Pointers to a bleak but not black Budget

Those who like sniffing out clues to what will be in the Budget would have learned nothing significant from The Boss yesterday, when he talked to Business New Zealand in Wellington.

Essentially, he destroyed any illusions about it being a generous budget that might have survived the release of the crown accounts for the nine months to March.

The accounts showed there ain’t much scope for extra spending without borrowing, and John Key and Bill English are reluctant borrowers.

On the other hand, Key (the previous day) was trying to disabuse us of the idea it will be black budget.

“I wouldn’t describe it as black, in fact we are spending a lot of extra money on health and education, but beyond that there is not a lot more to go around,” said Key.

Finance Minister Bill English said he would be scaling back some of the spending promises made by Labour, but there would still be increases.

The Herald today reports on Key’s address to the business people yesterday (and picked up a malapropism):

But he said it would not be a “doomsay [sic] Budget”.

He said the line by line review of Government expenditure had been “extremely productive”.

There was plenty of scope for weeding out lunatic projects spawned under the Clark Gang’s nine years in government,

As an example of cost-cutting, Finance Minister Bill English told Parliament that he had saved $1 million “canning a programme to teach kids how to pat dogs”.

But while the Government will be spending more in the Budget than ever before, Key told Business NZ, the rate of increase in spending would not be kept up.

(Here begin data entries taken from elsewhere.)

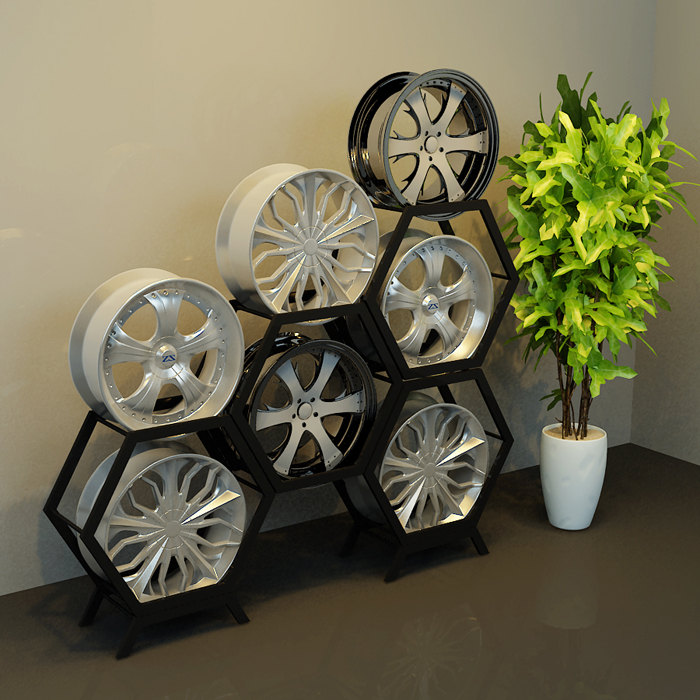 Alloy Wheel Display Stand Wheels rack wheel Display Rack wheel Display Rack hexagon wheel 54 Alloy Wheel Display Stand Wheels rack wheel Display Rack wheel Display Rack hexagon wheel 54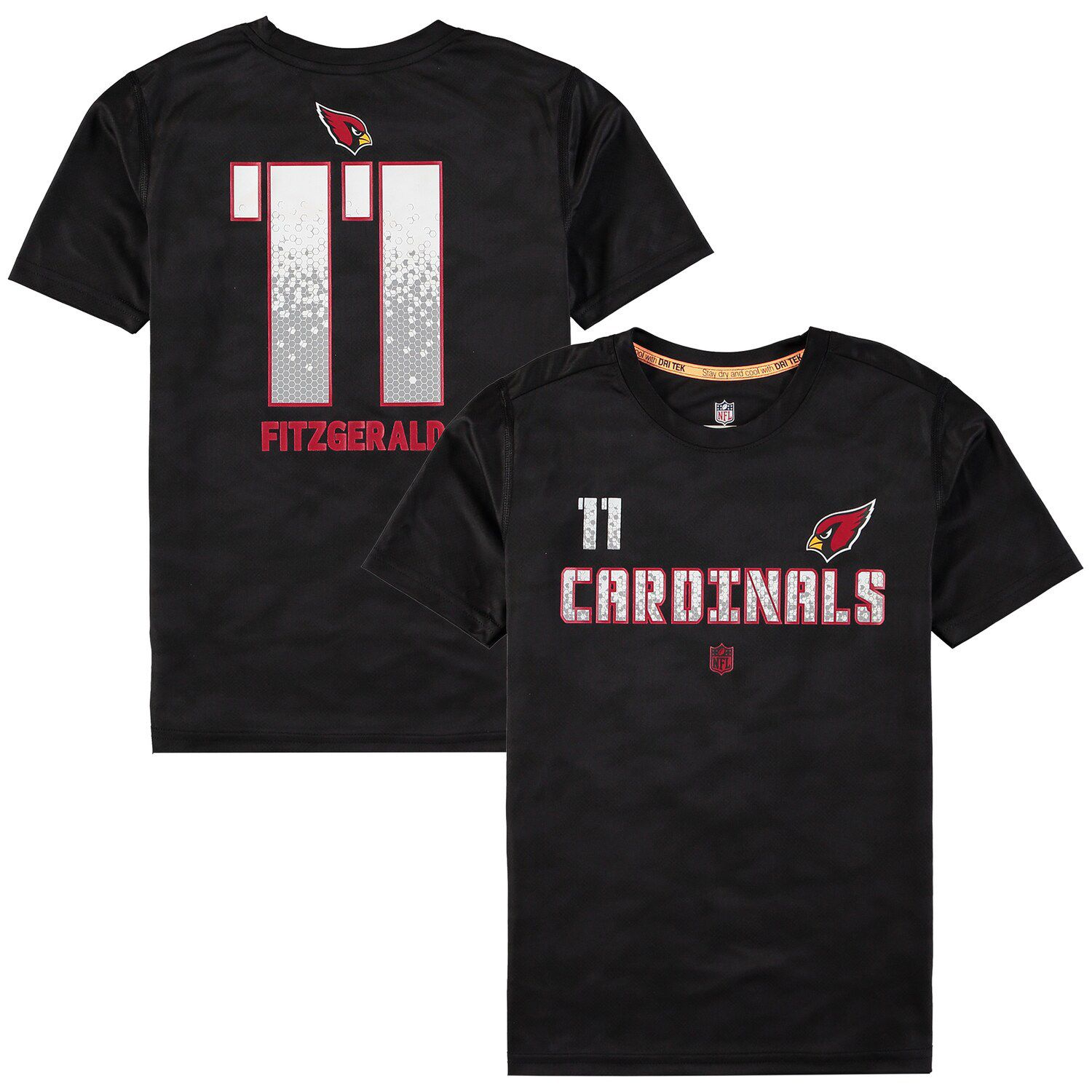 larry fitzgerald youth jersey black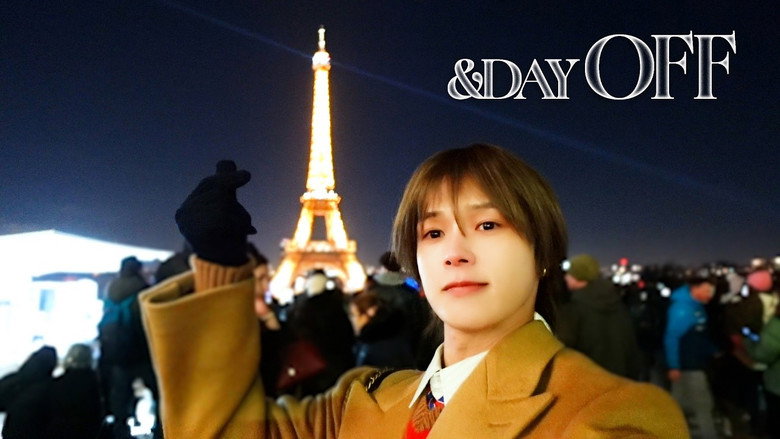 [&DAY OFF/K vlog] K in Paris | An Inspiration-Filled Trip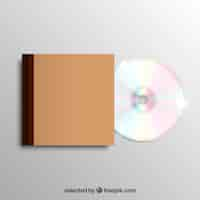 Free vector cd case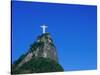 Christ the Redeemer Statue Mount Corcovado Rio de Janeiro Brazil-null-Stretched Canvas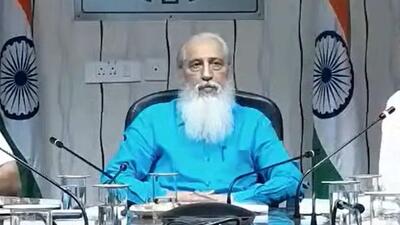 AICTE chairperson Anil Sahasrabuddhe said the two seats will continue to be reserved in polytechnic institutes for as long as children approved under PM CARES are eligible for admission. (Twitter/@AICTE_INDIA) AICTE chairperson Anil Sahasrabuddhe said the two seats will continue to be reserved in polytechnic institutes for as long as children approved under PM CARES are eligible for admission. (Twitter/@AICTE_INDIA)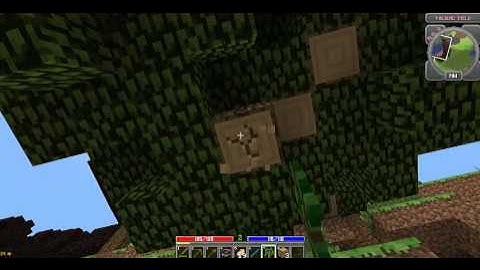 Lets play Tekkit Hack-mine 1. dungeon=1.Tod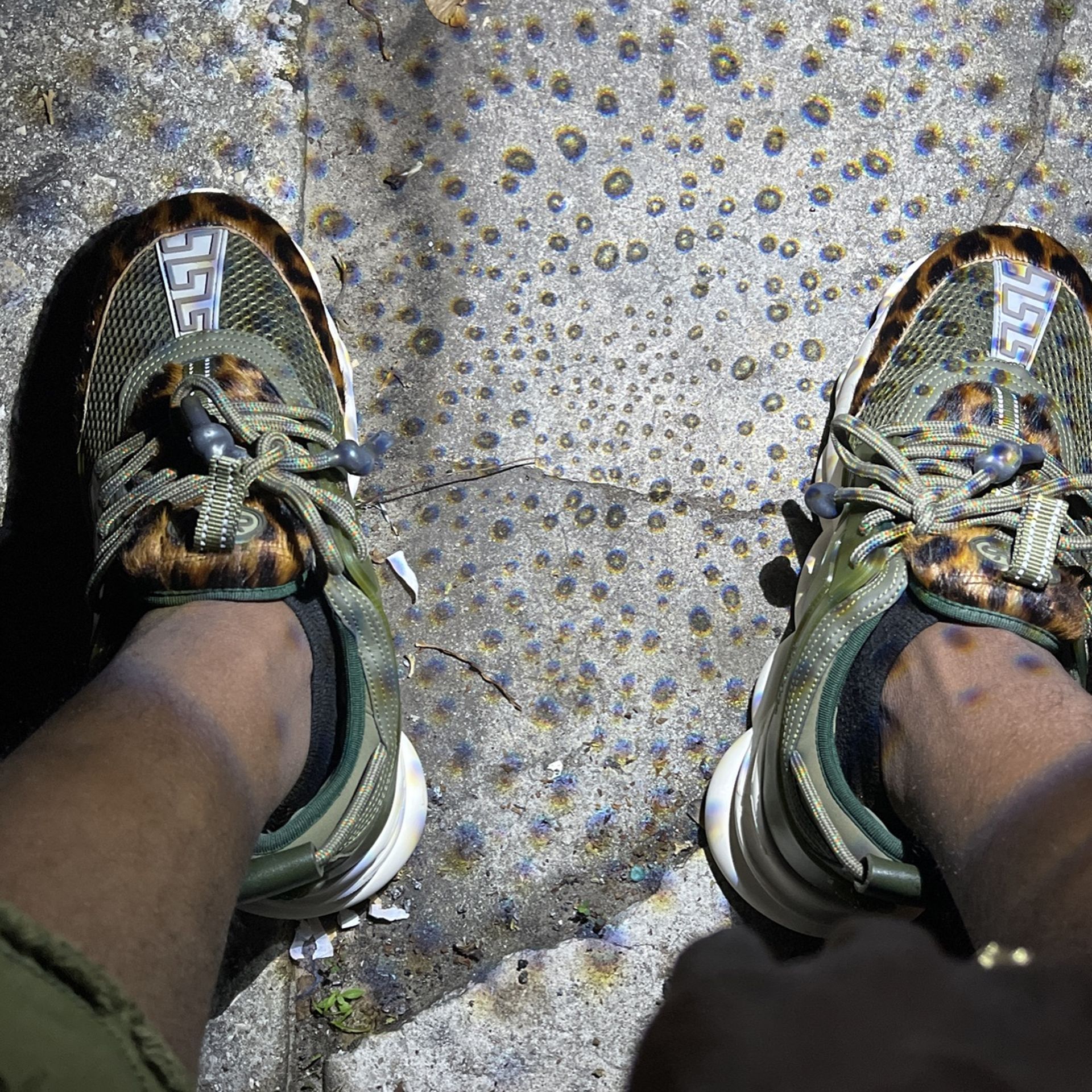 Versace Chain Reaction Sneaker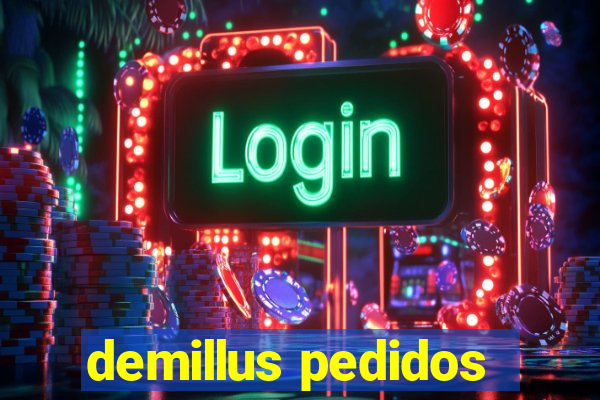 demillus pedidos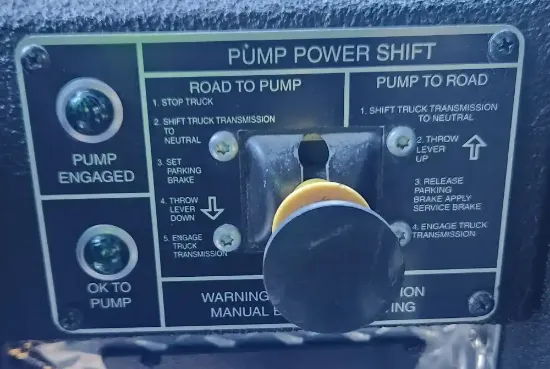 Picture of (Used) 2008 Seagrave Pumpers, MISCELLANEOUS DASH SWITCHES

“That will require ending some Government programmes and reshaping others.”

Like any family with a big mortgage, the Government would have to prioritise its funds and “resist some luxuries”.

Oh, and further tax cuts?

Prospects are bleak (as has been hinted previously).

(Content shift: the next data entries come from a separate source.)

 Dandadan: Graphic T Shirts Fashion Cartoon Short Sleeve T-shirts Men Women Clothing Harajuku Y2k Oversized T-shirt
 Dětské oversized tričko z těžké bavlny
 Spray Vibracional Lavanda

Mr Key also sent his own unmistakable signal to the business audience that tax cuts promised for 2010 and 2011 would be delayed. The Budget would contain some “responsible” decisions.

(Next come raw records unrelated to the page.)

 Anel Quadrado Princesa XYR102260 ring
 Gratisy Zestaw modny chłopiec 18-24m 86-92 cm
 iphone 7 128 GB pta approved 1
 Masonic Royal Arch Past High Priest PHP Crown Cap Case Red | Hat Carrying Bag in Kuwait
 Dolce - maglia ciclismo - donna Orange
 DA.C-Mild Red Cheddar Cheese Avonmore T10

“These will include delaying some steps in our economic plan that we would rather have made sooner,” he said.

When asked if that pointed to a delay of the tax cuts, he said: “I would be opposed to the cancellation of tax cuts.”

There was an optimistic edge to all this: Key said the recession could be a “springboard for better times ahead” and talked of New Zealand being capable of leap-frogging countries we compete with economically “so that New Zealanders are much better off on a relative basis.”